# Was hält mein Bike aus?



## BSChris (22. September 2011)

Mahlzeit Jungens und Männers und Womans

Ich habe das Jabba Wood 6 wir Ihr auf den Fotos in der Community sehen könnt. Habe den Laufradsatz Mavic Crossmax SLR Disc.
Was meint Ihr was der Satz bzw. mein Bike so aushält.
Kann ich kleine sprünge machen von nen Meter ? Habe vorne und hinten 120mm Federweg.

Gruß
Ich


----------



## Koerk (22. September 2011)

Sorry wenn das keine Antwort auf deine Frage ist, aber in dem Kontext hätte ich auch eine ... ^^
Kriegt man zu seinem Rose Bike ne Art "Bedienungsanleitung" wo drinsteht, wofür das Bike zugelassen ist, zwecks der Garantie? Ich meine es gibt ja 10 Jahre auf den Rahmen außer bei unsachgemäßer .... (hab den genauen Wortlaut nicht mehr im Kopf) ^^
Und ich denke wenn ich mitm Hardtail in den Bikepark fahre und mir der Rahmen bricht wird das wohl kaum über die Garantie laufen.


----------



## MTB-News.de




----------



## BSChris (22. September 2011)

Fast richtig. Soweit ich weiß gibt Rose 5 Jahre Garantie auf den Rahmen.
Ok Ok gegen Rahmenbruch 10 jahre


----------



## -MIK- (22. September 2011)

Also das Jabba würde ich eher als CC Maschine ansehen, womit Du ein paar kleinere Drops im Wald nehmen kannst. Bikepark würde ich eher ausschließen, frühestens mit dem Chief machbar, Jimbo wäre da aber empfehlenswert.

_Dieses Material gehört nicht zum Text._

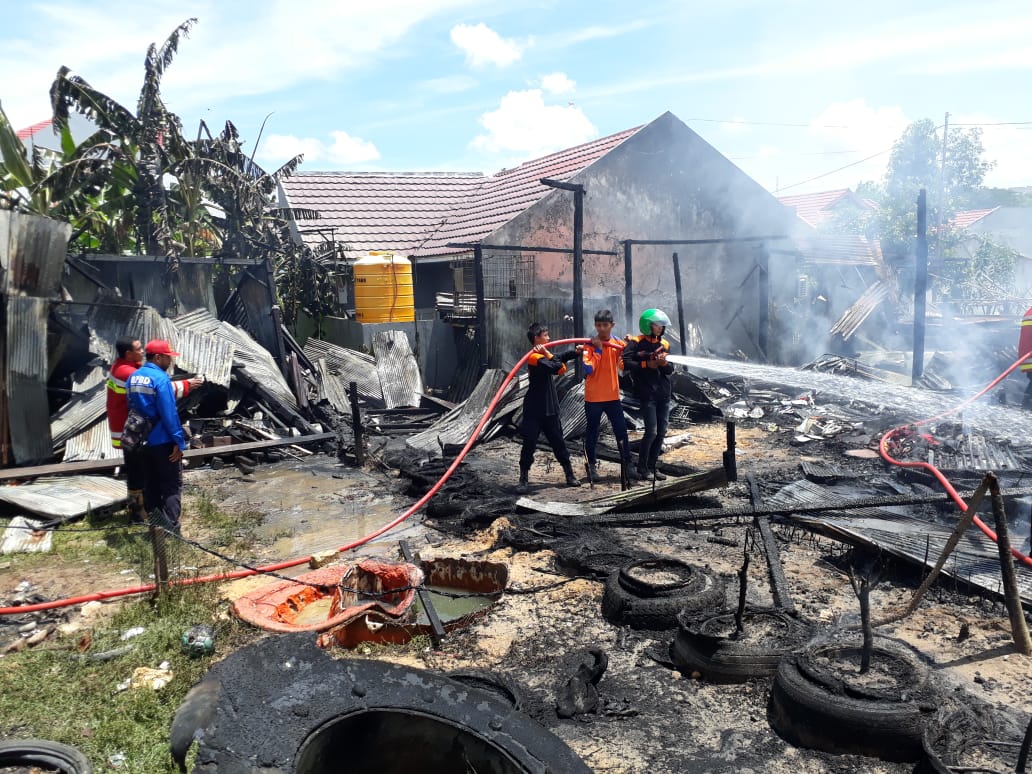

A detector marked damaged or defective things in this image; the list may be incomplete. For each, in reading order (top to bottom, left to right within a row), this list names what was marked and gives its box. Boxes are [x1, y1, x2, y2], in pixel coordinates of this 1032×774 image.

Sprünge von 1m...  Nimm Dir mal einen Zollstock und miss einen Meter ab.  Denke dafür ist das Jabba nicht geeignet.


----------



## BSChris (22. September 2011)

Joa das habe ich befürchtet. Hmmm :*(


----------



## Trialbiker82 (22. September 2011)

Bin in Hahnenklee Bikepark mit dem Jabba Wood die mittelschwere Singletrailstrecke gefahren. Da es ein Testbike war ging ich nicht zimperlich damit um. Es hat tierisch Spaß gemacht und das Bike war nicht überfordert.
Schade das mir die Geo nicht taugte


----------



## BSChris (22. September 2011)

Trialbiker82 schrieb:


> Bin in Hahnenklee Bikepark mit dem Jabba Wood die mittelschwere Singletrailstrecke gefahren. Da es ein Testbike war ging ich nicht zimperlich damit um. Es hat tierisch Spaß gemacht und das Bike war nicht überfordert.
> Schade das mir die Geo nicht taugte



Na vielleicht sollte ich da mal fahren ist ja gleich um die egge von mir aus.


----------



## Montanez (23. September 2011)

Also ich würde sagen damit ist ne ganze Menge fahrbar. Ein Kumpel ises selbst in Willingen mal gefahren und es ging sehr gut.
Und überhaupt: Ich bin mit meinem CC Hardtail nahezu alles gefahren was der Wald so her gibt. Solange du nicht ohne Beinarbeit im Flat landest ist das kein Problem. Wenns öfters mal durchschlägt musst du entweder aktiver mit Armen und Beinen den Stoß abfangen oder mehr Luft reinpumpen.
Guck dir mal die alten Downhillrennen mit Starrbikes an...und heute braucht man für ne "Tour" 120mm aufwärts, aber vollgefedert bitte!


----------



## GeorgeP (24. September 2011)

Ich denke dein JW steckt mehr weg als du fahren kannst. Sollte dennoch der rahmen brechen, so weist du ja an wenn du dich wenden musst


----------



## BSChris (25. September 2011)

GeorgeP schrieb:


> Ich denke dein JW steckt mehr weg als du fahren kannst. Sollte dennoch der rahmen brechen, so weist du ja an wenn du dich wenden musst



Schonmal gut zu wissen allerdings mache ich mir mehr sorgen um die Laufräder.


----------



## GeorgeP (25. September 2011)

BSChris schrieb:


> Schonmal gut zu wissen allerdings mache ich mir mehr sorgen um die Laufräder.


 
Also um den LRS würd ich mir auch nen kopf machen, das ist doch so ein mavic 24 speichen gedönse.
naja aber sie halten ja schon seit 3 jahren, so wie es aussieht.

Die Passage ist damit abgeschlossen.